Yöneticiler, yönettikleri toplumları bile isteyerek felaketlere sürüklemekte; huzurun ve refahın paylaşılması gereken yerde tırnakçı gibi gelecek günlerden çalıyoruz. Bu durum, esasında siyasetin merkezi olması gereken “ortak iyiliğin sürdürülmesinden” ne denli uzaklaştığı gözlerin önünde sermektedir. Siyasetin bu sapkın formülü, Machiavelli’nin siyasi realiteyi tasvirinden öte, Weber’in “amaçsal finansalität” (Zweckrationalität) nüfusun çarpık bir uygulaması olarak okunabilir: Burada akıl, etik değerlerden bağımsız olarak sadece belirli uygulamalara (iktidarı koruma, zenginliği artırmak) ulaşmak için bir araç gelir haline gelmek. Bu sarmalın ortasında kalmış ortalama insan, gerçeklik algısında zorluklarla uğraşmak, “gelişine yaşamak” ile “karanlık bir yarına bakmak” arasında sıkışmıştır. Bu durum, Camus’nün absürdizm kimyasındaki “anlamsızlığa karşı isyan” çağrısını hatırlatır. Ancak çoğu insan, bu isyanın yerine, varoluşsal bir eylemsizliğe veya “kitlelerin yalnızlığına” sürükleniyor.

 

Kıyamet Mi, Kıyameti Var Etmek Mi?

Zihnimizi iğdiş eden tarihin yeniden yazma çabası, karabasan misali çöken yönetimler, tahakküm kartından alınmaya çalışılan hayat, kaygılara bulanan gelecek günler ve bilimum felaket senaryosu karşısında ne olur? İnsan olarak kendi varlığımızı kendi ellerimizle şekillendirecek kudretine sahipken, bu potansiyel yıkıma mı, yoksa inşaata mı yönlendireceğiz? Kant’ın aydınlanma çağında da değindiği gibi, “İnsan aklını kendi başına kullanma cesareti gösterebilir ve kendine dayatılan vesayetten kurtulabilir.”

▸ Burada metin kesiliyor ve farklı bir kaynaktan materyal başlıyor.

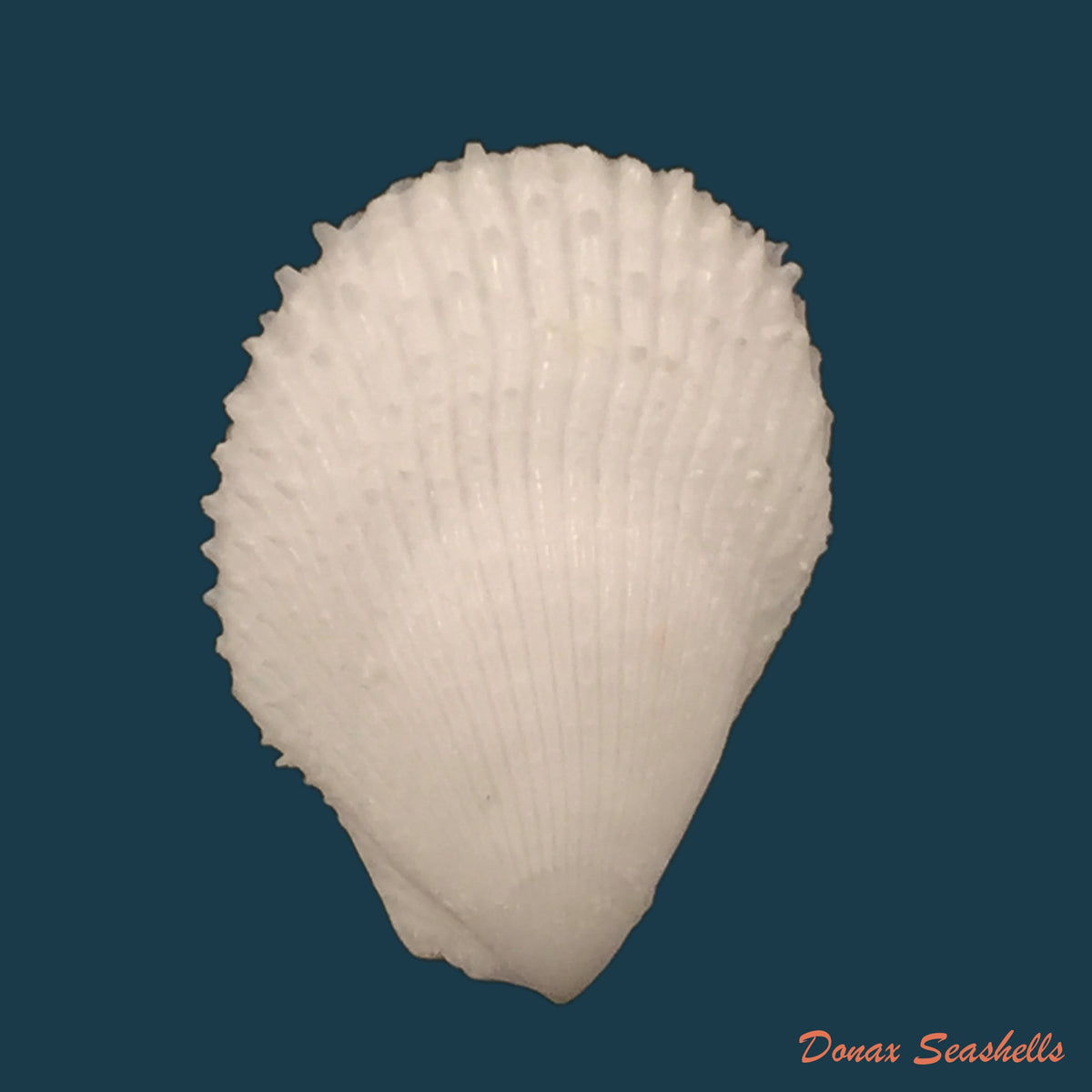 copia-de-trachycardium-muricatum-linnaeus-1758-37mm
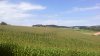 IMG_20160730_112722.jpg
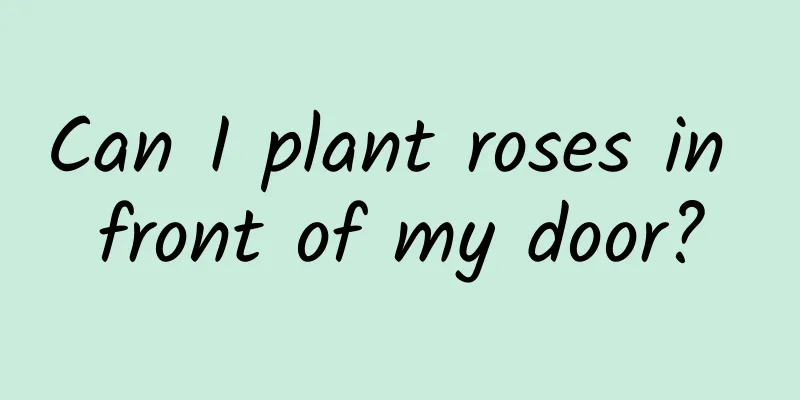 Can I plant roses in front of my door?
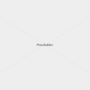 placeholder-1600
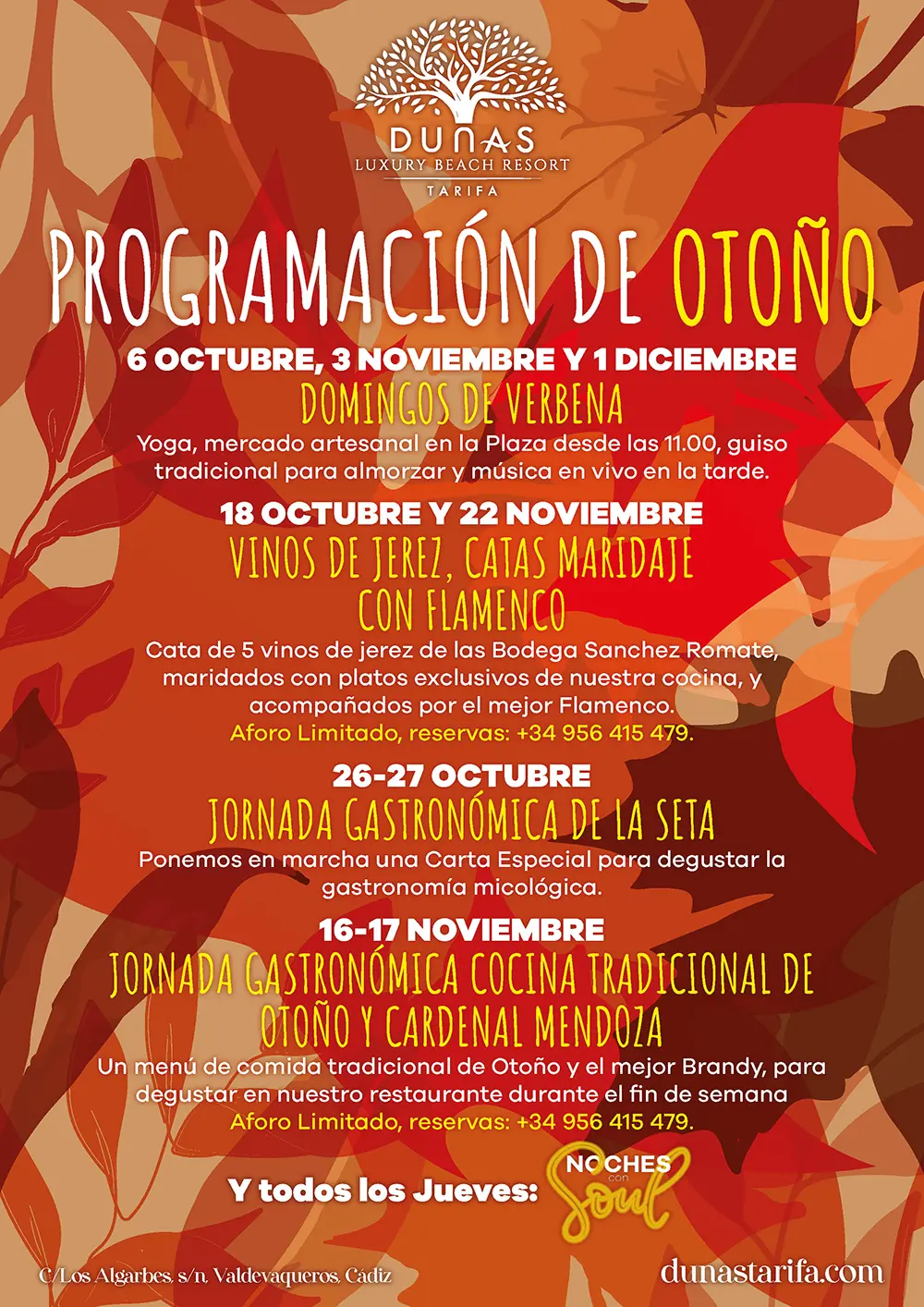 Programación de Otoño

Atom Bilimcileri Bülteni Kıyamet Saati’ni bir uyandırma olarak tasarlaması, bilimin ve öğrenme düşüncelerinin hala bir umut ışığının bulunduğunu gösterir. Bilim, sorunları teşhis eder ve olası çözümler sunar. Ancak bu uyarıların “sistemin sopası” haline dönüştürülmesi, iktidarların değiştirebileceği kendini bile manipüle edebileceği gerçeğini ortaya koyuyor. Bu noktada, Habermas’ın “iletişimsel eylem”in önemi kazanır: Eğer gerçekleşirse tartışma, özgür bilgi dağıtımı ve demokrasi sağlanamazsa, toplumlar maniküra açık hale gelir ve kolektif rıza inşa edilir. Habermas’a göre, hakiki iletişim, tahakkümden uzak, ortaya çıkan bir konsensüsün temelidir.

Uyanmamız gereken bir kabusun içinde sıkıştırılmış durumdayız. “Uyanmak”, sadece tehlikelerin bozulması varmak değil, aynı zamanda bu tehlikelerin ardındaki güç dinamiklerini deşifre etmek, manevralara aktif olarak direnmek ve kolektif bir bilinçle harekete geçmek anlamına gelir. Ancak, yalnızca bireysel düzeyde bir aydınlanma değil, aynı zamanda toplumsal ve küresel düzeyde bir kişinin yaşadığı bir şeydir. Zira Spinoza’nın “Ethica” adlı eserinde de olduğu gibi, “her şeyin kendi devamlılığını sürdürme çabasındadır” (conatus). İnsanlığın da kendi varlığını sürdürme çabası, yalnızca bireysel düzeyde değil, küresel ve kolektif düzeyde bir işlem yapma ve kullanabilme gereklidir. Bu, Jonas’ın “Sorumluluk İlkesi” adlı eserinde vurguladığı gibi, gelecek nesillere karşı etik bir sorumluluktur.

Silahlanma yarışının yeniden tavan ayarları, sınırları yeniden çizilmek istendiği şu günlerde koca burunlu şişko adamların avuçlarını ovuşturarak onları nasıl bir kapının eşiğinden geçirecek? Birbirini yok etmek için uygun kollayan açık gözlü devlerin ürettiği dayat sahte barış iklimi ve ulussuzlaştırma politikalarına daha ne kadar göz yumacağız? Birçokları gibi kabul edip kıyameti mi bek yapmaları yoksa kıyametleri olmak için uyanacak mıyız?

Arkadaşlarınızla paylaşın

İlgili Makaleler

Başa dön tuşu

Reklam Engelleyici Algılandı

Sitemizden en iyi şekilde yararlanmak için lütfen reklam engelleyicinizi kapatınız.